Copy out the data exactly as it appears, without a single image.

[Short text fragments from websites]
- - - - -
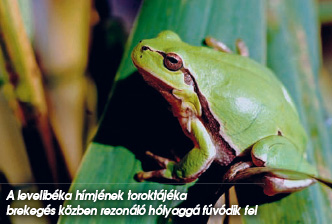 A levelibéka hímjének toroktájéka brekegés közben rezonáló hólyaggá fúvódik fel A levelibéka hímjének toroktájéka brekegés közben rezonáló hólyaggá fúvódik fel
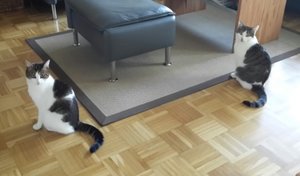 2015-12-10 16.40.59.jpg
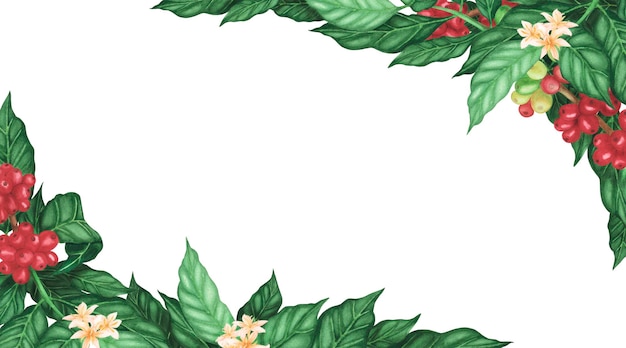 Bannière de grains de café arabica rouge et de fleurs sur une branche isolée sur fond blanc Illustration dessinée à la main à l'aquarelle pour la conception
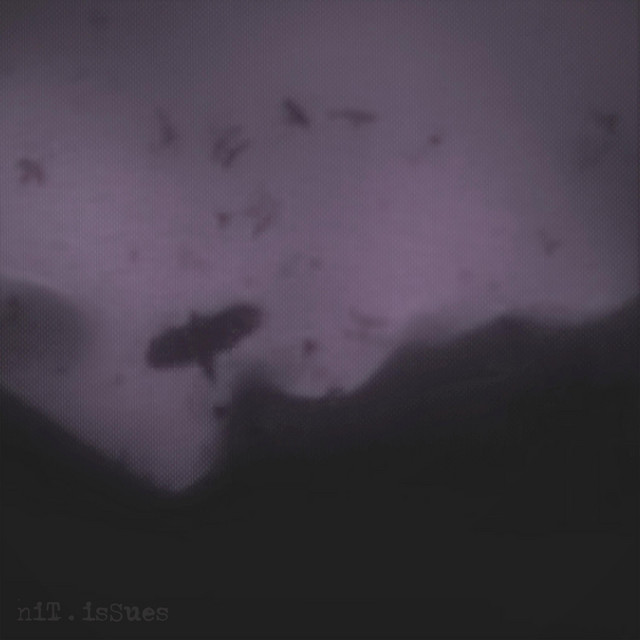 nages cover art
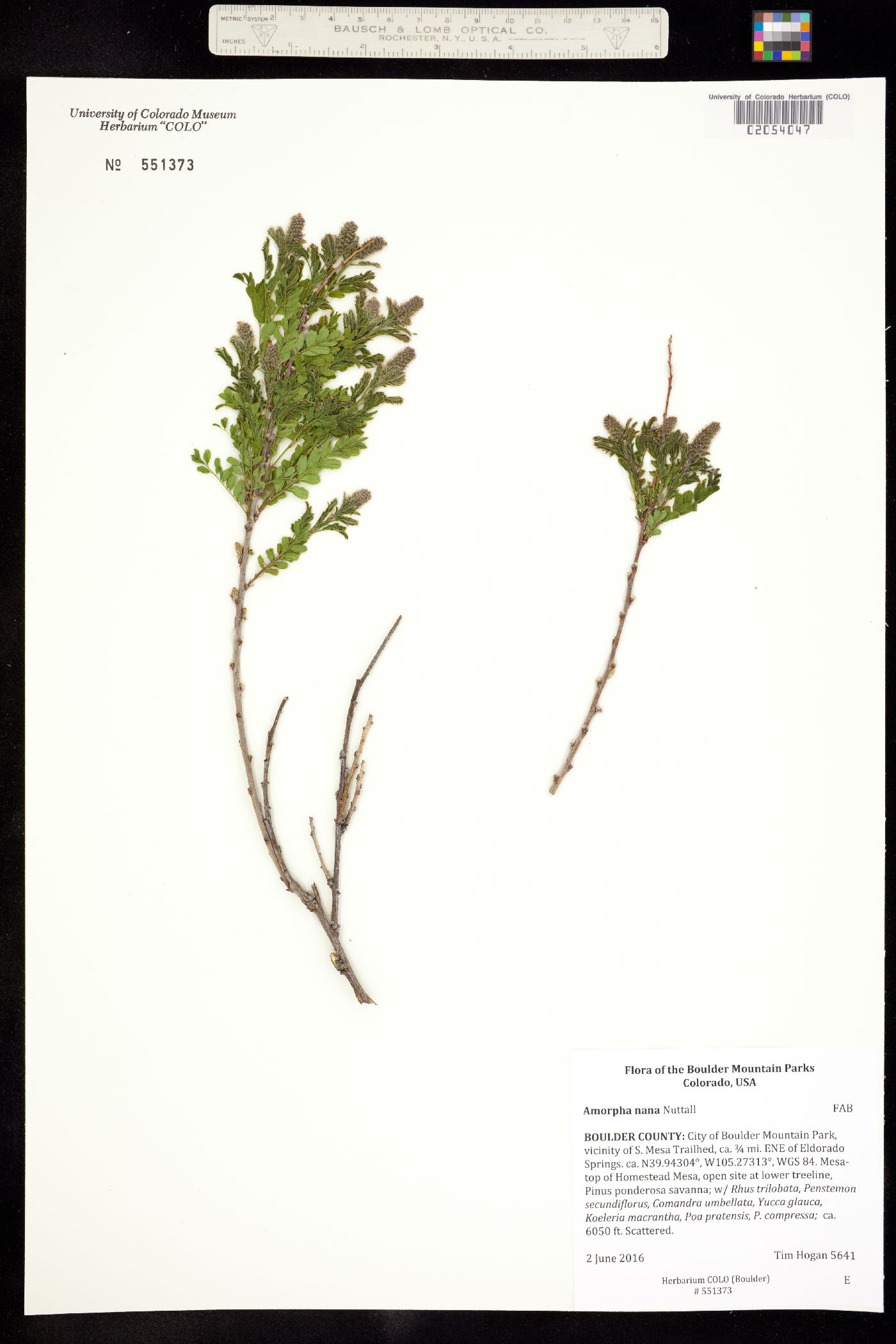 Amorpha nana image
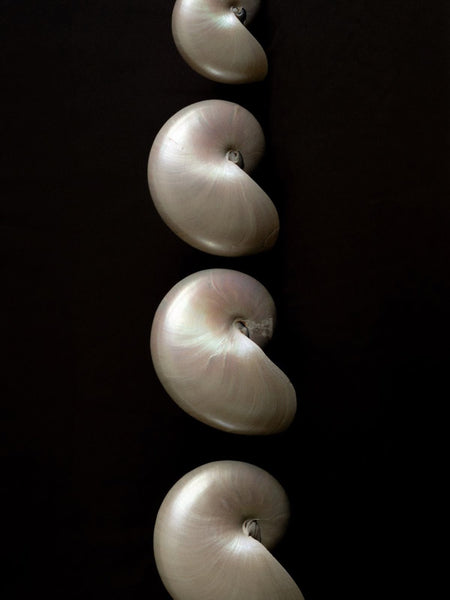 Pearly Shell Gold Earrings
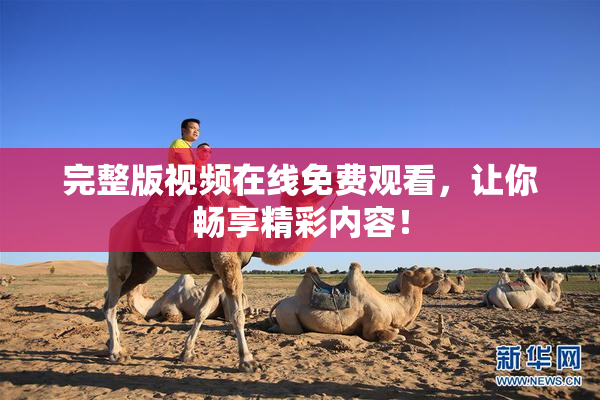 完整版视频在线免费观看，让你畅享精彩内容！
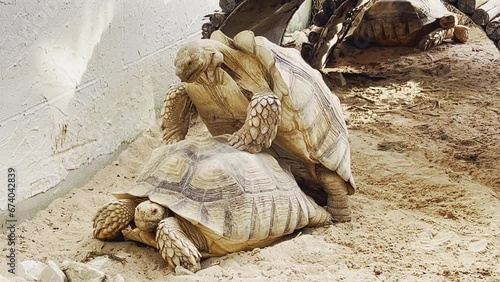 Close up 4K of two African spurred tortoises, sulcata, are breeding during mating season in zoo which is important for conservation and  protection of these incredible creature, endangered species.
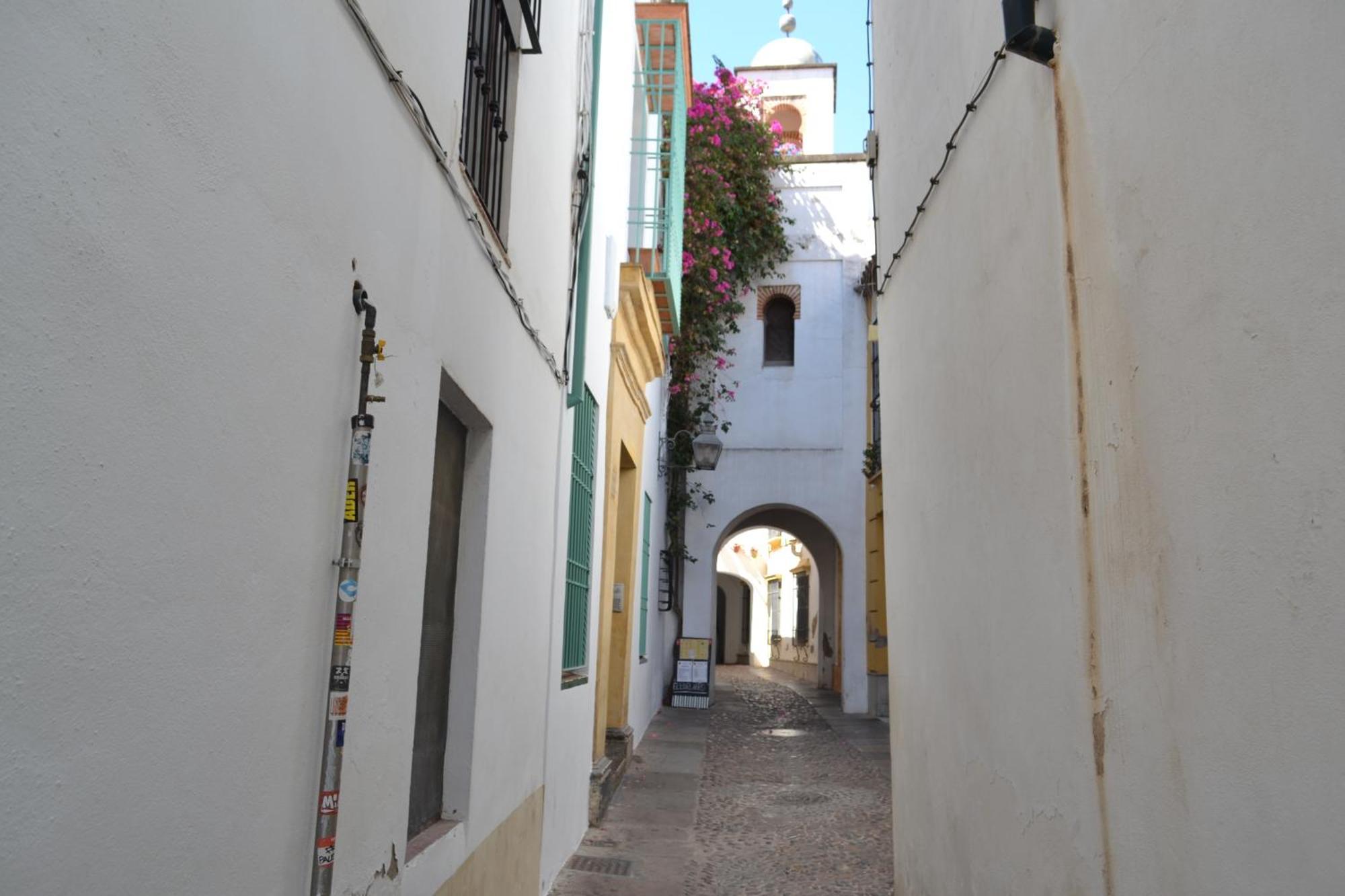 Sunshine Patio De La Hoguera Lägenhet Córdoba Exteriör bild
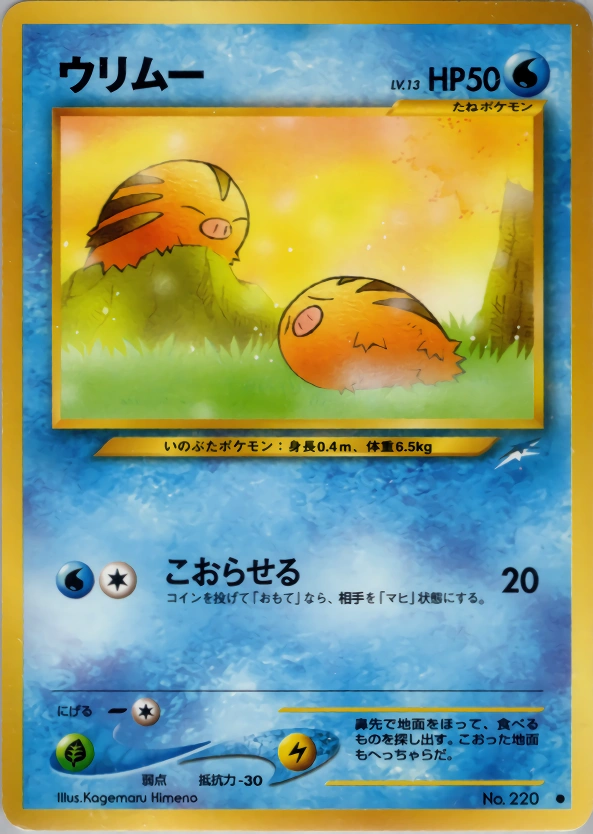 Carte Swinub — Darkness and to Light
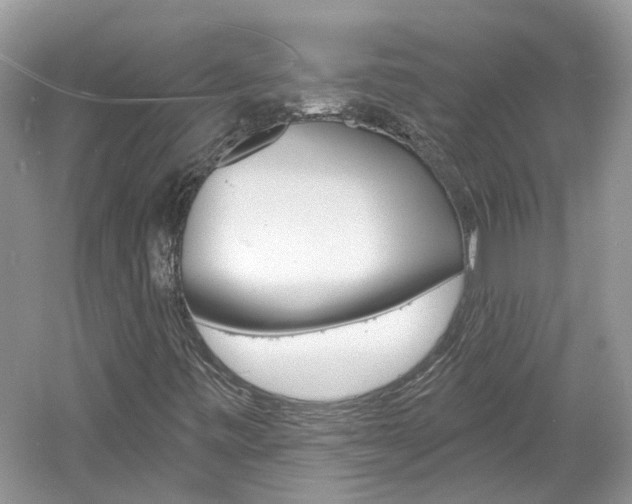 X0000061101443200511180855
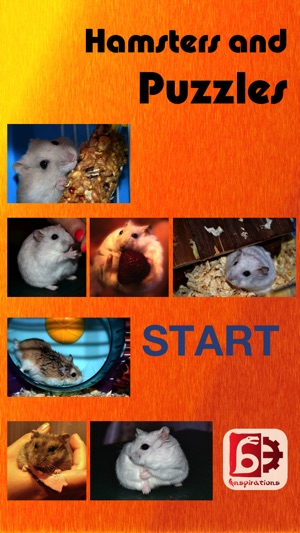 Hamsters And Puzzles(圖1)-速報App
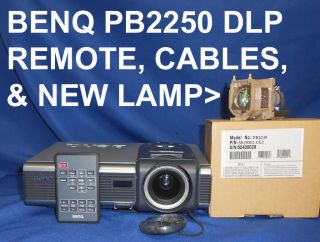 BenQ PB2250 DLP HD Home Theater Projector Ultra Portable Computer 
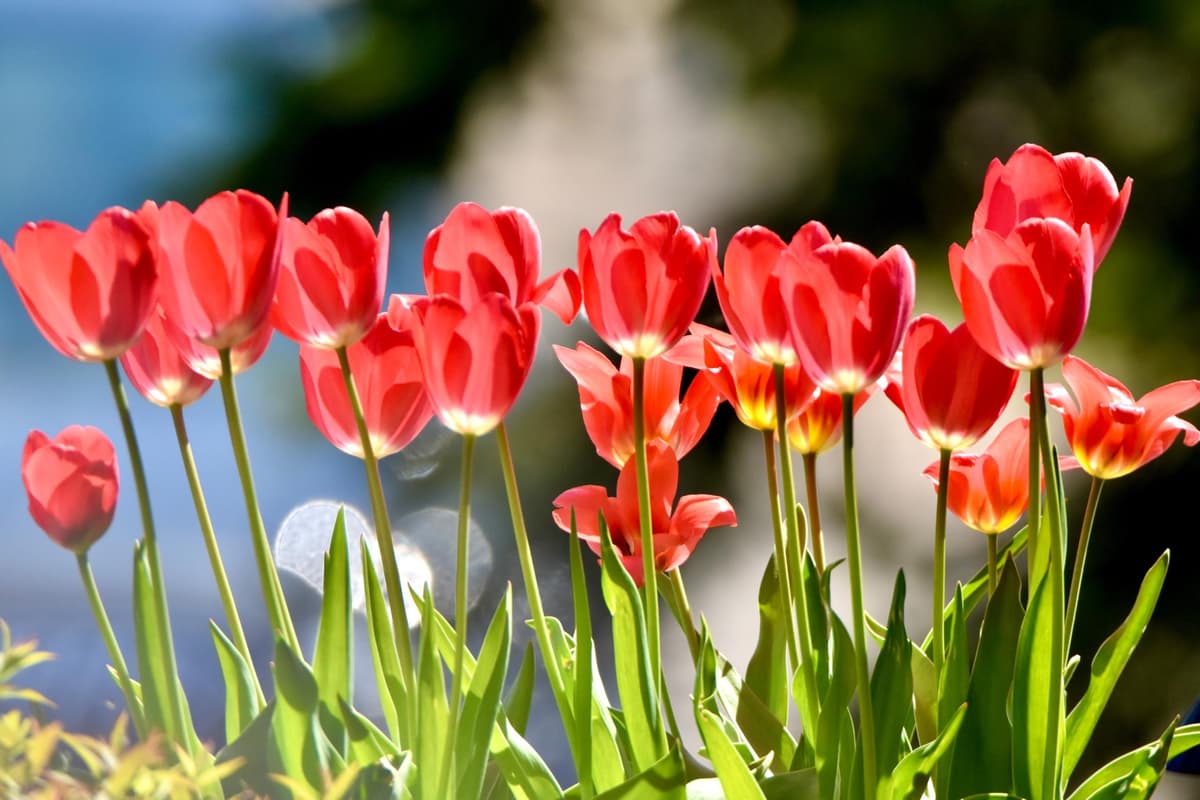 Lincolnshire Pond Plants Ltd - Tulipa Couleur Cardinal Plant Bulb x10 — view 5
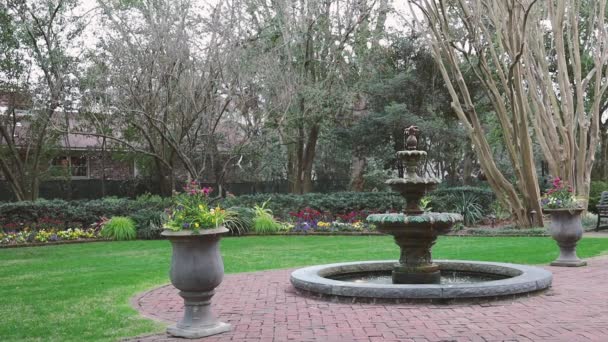 Fontein Park — Stockvideo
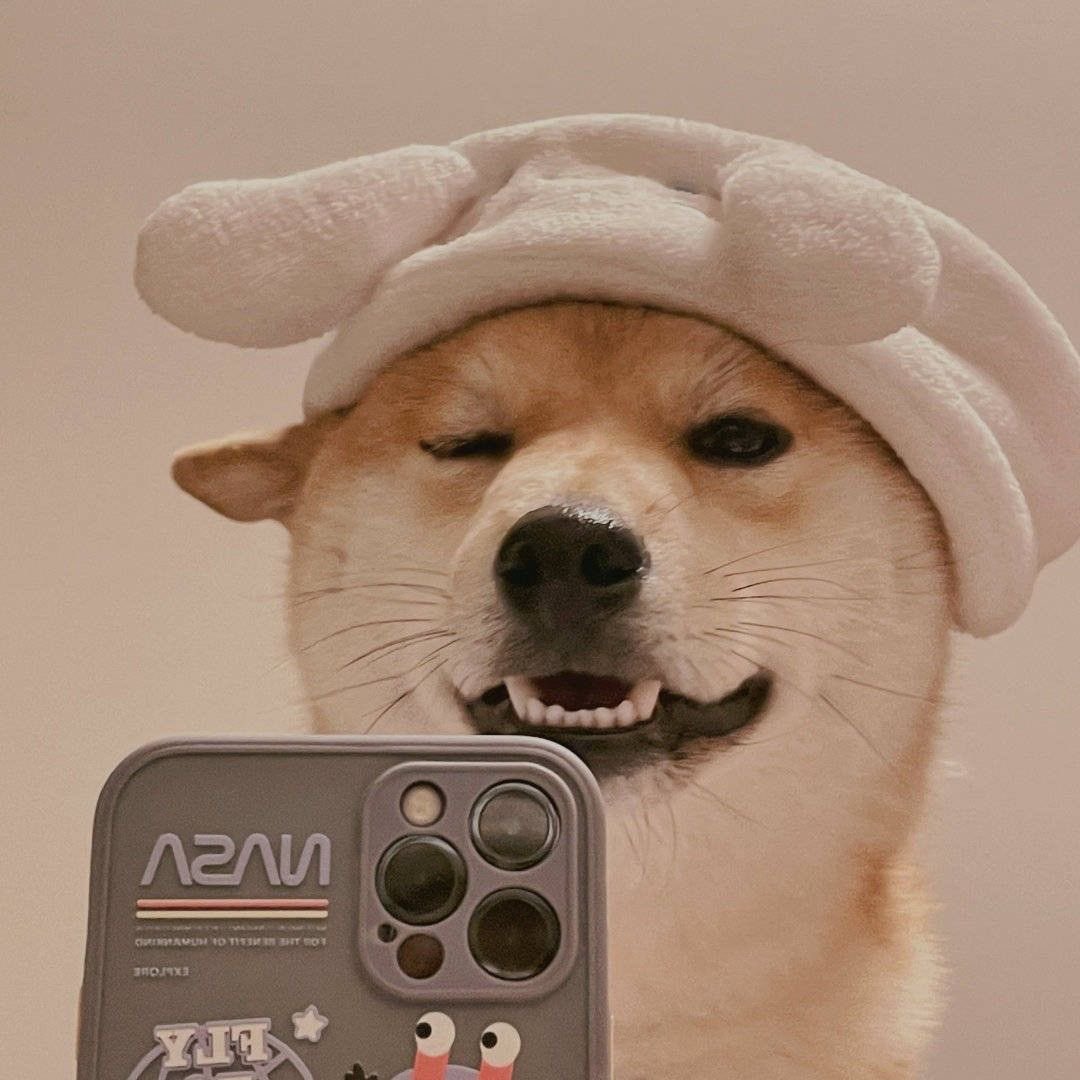 ChillDogsOnHBAR's tweet photo. 📣📣Chill Dogs is coming to @MemeJobFun Join Chill Dogs, the first dog on @hedera, on a trip to the moon🚀🚀
Telegram Chanel : https://t.co/2G318BnJk9
Telegram Chat : https://t.co/tB5D1cU5DA
#CHILLDOGS #memecoin1000x #HEDERA https://t.co/BxJvMzR23I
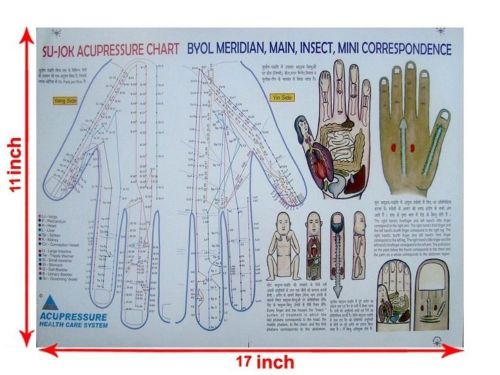 Brand New Su-Jok Chart for Correspondence - Study Educational Academics Teaching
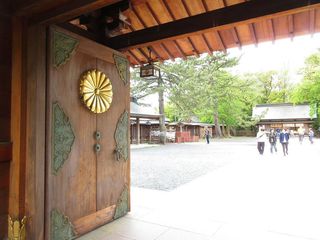 IMG_4250.jpg
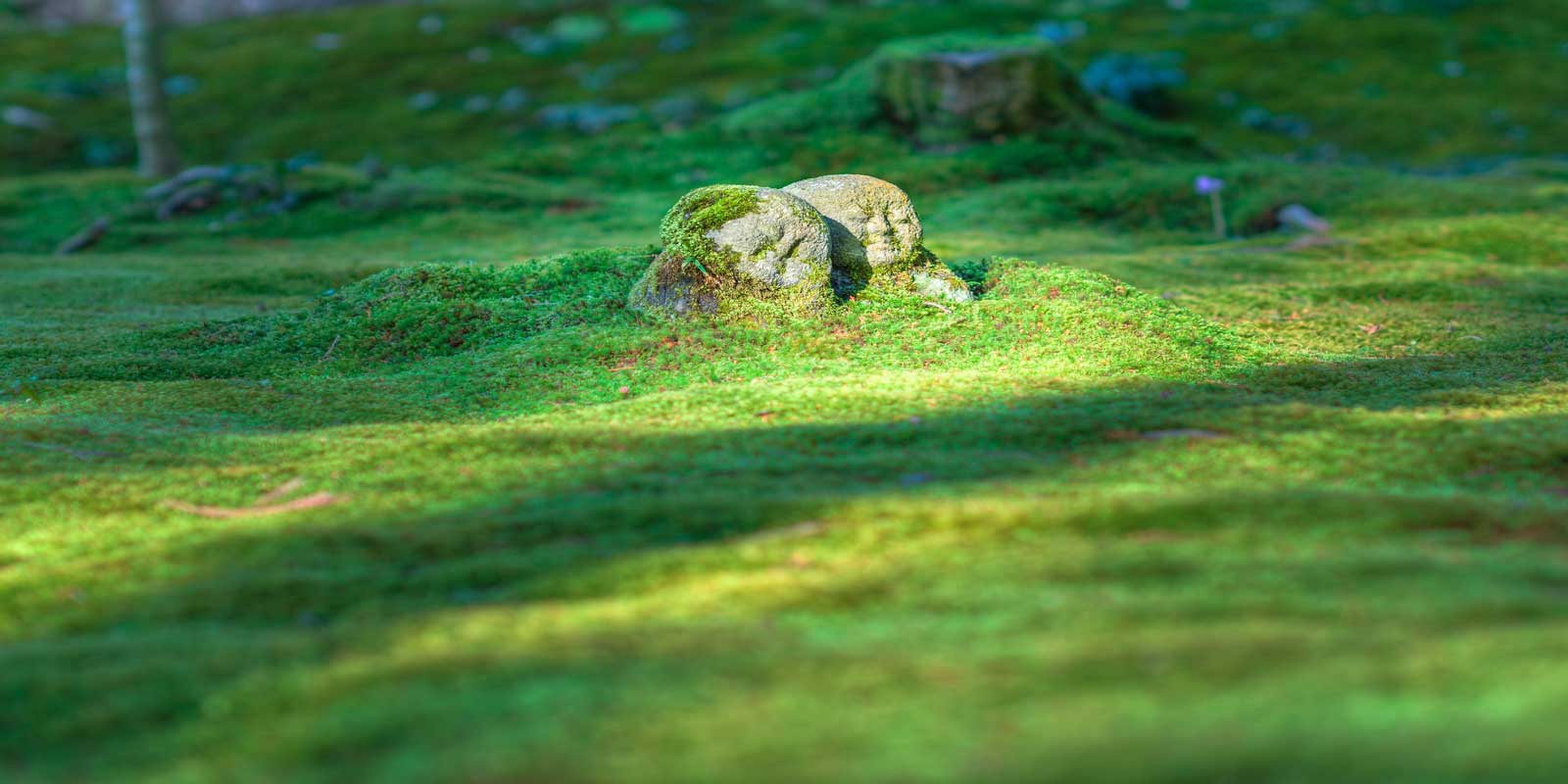 Japanese Zen garden moss and statue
- - - - -
§ **The completed task**
 A levelibéka hímjének toroktájéka brekegés közben rezonáló hólyaggá fúvódik fel A levelibéka hímjének toroktájéka brekegés közben rezonáló hólyaggá fúvódik fel
 2015-12-10 16.40.59.jpg
 Bannière de grains de café arabica rouge et de fleurs sur une branche isolée sur fond blanc Illustration dessinée à la main à l'aquarelle pour la conception
 nages cover art
 Amorpha nana image
 Pearly Shell Gold Earrings
 完整版视频在线免费观看，让你畅享精彩内容！
 Close up 4K of two African spurred tortoises, sulcata, are breeding during mating season in zoo which is important for conservation and  protection of these incredible creature, endangered species.
 Sunshine Patio De La Hoguera Lägenhet Córdoba Exteriör bild
 Carte Swinub — Darkness and to Light
 X0000061101443200511180855
 Hamsters And Puzzles(圖1)-速報App
 BenQ PB2250 DLP HD Home Theater Projector Ultra Portable Computer 
 Lincolnshire Pond Plants Ltd - Tulipa Couleur Cardinal Plant Bulb x10 — view 5
 Fontein Park — Stockvideo
 ChillDogsOnHBAR's tweet photo. 📣📣Chill Dogs is coming to @MemeJobFun Join Chill Dogs, the first dog on @hedera, on a trip to the moon🚀🚀
Telegram Chanel : https://t.co/2G318BnJk9
Telegram Chat : https://t.co/tB5D1cU5DA
#CHILLDOGS #memecoin1000x #HEDERA https://t.co/BxJvMzR23I
 Brand New Su-Jok Chart for Correspondence - Study Educational Academics Teaching
 IMG_4250.jpg
 Japanese Zen garden moss and statue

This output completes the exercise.